Richard Conner, 40, admitted he strangled 37-year-old Jameson Leezer to death while the men shared a cell at Stateville Correctional Center in Crest Hill. Will County Judge Richard Schoenstedt said he had no choice in sentencing Conner, who is already serving life for a 1991 murder in Cook County.
Conner pleaded guilty in 1993 to killing 20-year-old Pedro Mazon Jr. in the Mazon family’s jewelry store in the 3900 block of West North Avenue in Chicago, according to published reports at the time.

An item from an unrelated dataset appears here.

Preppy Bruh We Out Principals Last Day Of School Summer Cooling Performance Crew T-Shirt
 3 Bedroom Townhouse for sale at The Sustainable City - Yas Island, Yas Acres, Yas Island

Eighteen years after that first murder, Conner told Stateville guards he’d killed his “celly.” They found Leezer dead in his cell April 2, 2009, prosecutors said. Officials have said they believe the white Leezer and black Conner got into a fight about race.
“They were a very poor choice of roommates to be housed together,” a source said.
Though Conner was serving a life sentence for murder, officials said Leezer was a “short-timer” serving a five-year prison sentence for possession of a stolen motor vehicle in Iroquois County. He’d lived part of his life in Bolingbrook and Joliet, and he was set to be released 16 days after his death.
Prosecutors wanted to seek the death penalty for Conner until Gov. Pat Quinn signed legislation last year to abolish it.
Records show Conner now is being held at the Tamms Correctional Center, the state’s “supermax” prison.